I graduated from Massaponax High School in 2002. I was a member of the first graduating class to go all four years there (it opened in 1998). From my first day at that school on, I was on the yearbook staff. I spent countless hours after school cropping pictures, writing headlines, and putting together layouts. I even had to go to yearbook camp. Yes, is it as lame as it sounds. On the plus side, at least I got laid a lot.
The D.C. area news has been covering this the last few days, but this year the Massaponax yearbook is causing an uproar. Apparently some suggestive language made its way into this edition. Principal Joe Rodkey has demanded the books be recalled.
A lot of people will have a lot to say about this situation. I’m sure they’ll have criticism for the instructor, and for the principal. All I’ll say is this: Joe Rodkey was MY principal. He was there for three of my four years in high school, and he handed me my diploma. The fact of the matter is, he wasn’t, and isn’t, perfect, but I believe he’s a good man and a good educator. Plus, you can call him J-Rod, and he kind of looked like Unfrozen Caveman Lawyer.
In fact, I actually have a confession of my own.

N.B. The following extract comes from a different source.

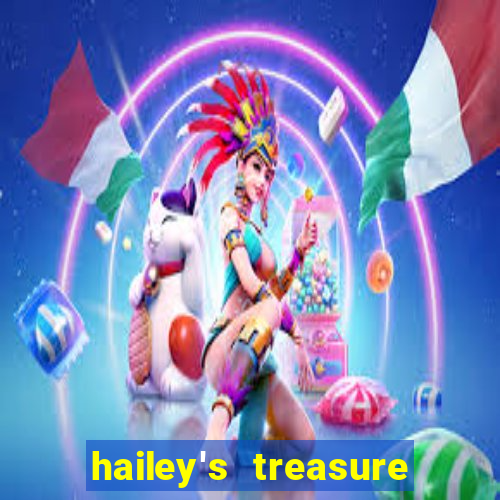 hailey's treasure adventure apk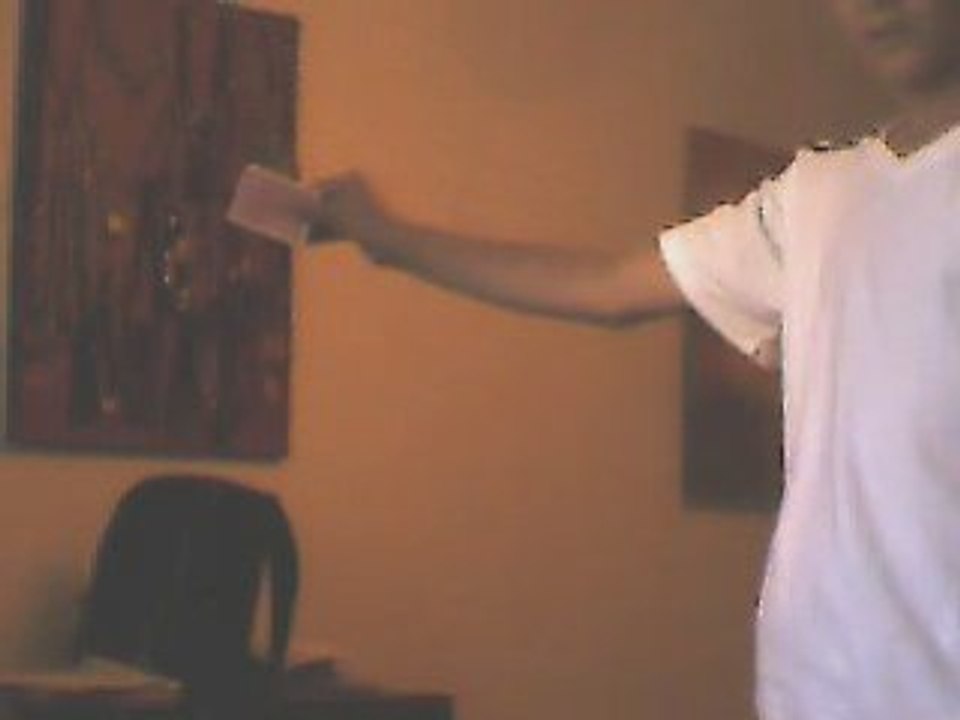 Manipulation de cartes, apparition de cartes,tour de magie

Here it is: when I wrote stories for the Yearbook, I used to make up quotes all the time. I was like Jayson Blair, if Jayson Blair’s Mom had to drive him to and from the New York Times. If you have some Massaponax yearbooks, go back and check it out. If the by-line reads, “Mike Eltringham,” I guarantee you that there is a 100% made-up quote from Daniel Ross or Greg Eltringham within the story. The first guy is my best friend from eighth grade; the second guy is my best friend from back when he was 1. Another thing they have in common? Neither one of them said a damn thing accredited to them in the Massaponax yearbook. I can’t tell you how many times I would receive an assignment in class to write a story, only to go home and make up some happy horseshit about how “freshman Daniel Ross says he is in the Key Club because it makes him feel better about helping his community. Greg Eltringham agreed, adding that nothing made him feel better than serving a bum some soup.” Then I’d go watch Duck Tales and eat a whole bag of Tostitos.

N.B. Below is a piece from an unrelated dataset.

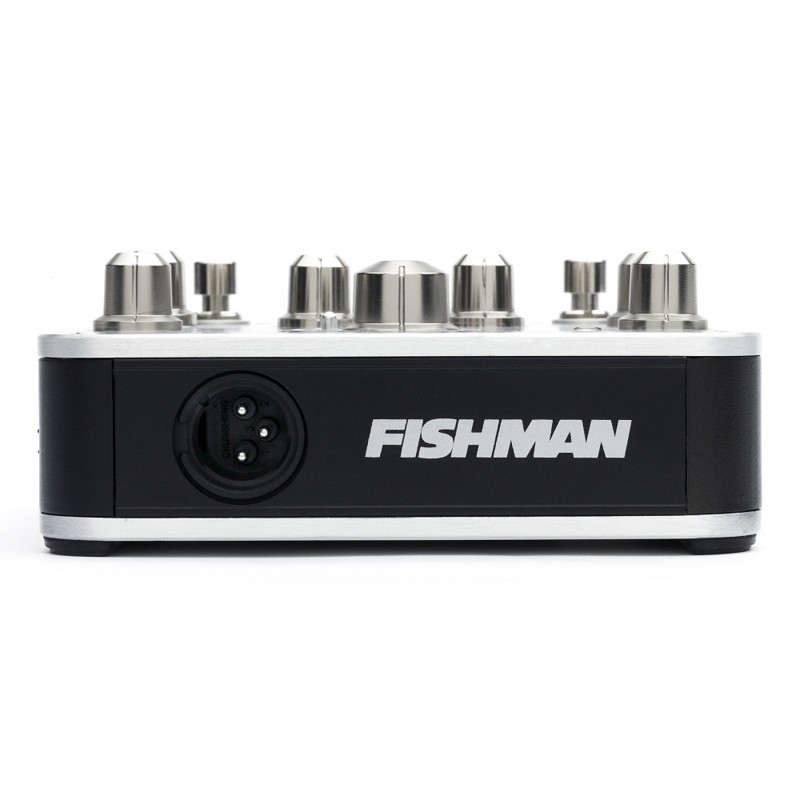Fishman Aura Spectrum DI Preamp | PRO-AUR-SPC | Banjo Preamp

I would apologize to fellow staff members for the deception, but I was so tired from carrying them on my back for years as the clear cut best Yearbook guy there that I figured it wasn’t necessary.
Oh, and also, on page 127 of the 2002 edition, I snuck in a picture of Derek Jeter making a backhanded throw from the whole at short.
I never made up quotes from people I wasn’t friends with. It was always somebody who approved. After awhile, I’m surprised no one caught on. Here’s an excerpt from my award winning spread on the MHS chess club: “Greg Eltringham and Daniel Ross might not be members of the chess club, but they said there was nothing more exciting than watching a couple of dorks throw plastic around a table for a few hours. No one reads the chess club story anyway, so I can say whatever I want here. Say, you hear the one about the rabbi and the camel?”
I hope my lack of journalistic integrity draws some attention away from this whole mess going on. Even if it doesn’t, hopefully this all blows over soon. The goal of a Yearbook staff is to win awards (unless you’re me – my goal was to see how little work I could put in while appearing productive). I think the staff tried to get edgy and went a step or three too far. Somebody decided that ripping off PostSecret would get somebody’s name in lights, so they went for it. I hope the instructor comes out unscathed, because I’m sure everyone meant well.
Plus, I’m not ready to be asked to return as the Yearbook instructor, much like Welcome Back, Kotter. That wouldn’t work for two reasons: A) I don’t have a fro like Kotter, and B) I don’t know shit about yearbooks, as I haven’t even picked one up since 2003.
Anyway, best of luck Massaponax. Keep Panther Pride alive. You might not get to write about your privates in the yearbook, but these are the sacrifices we must make in exchange for freedom.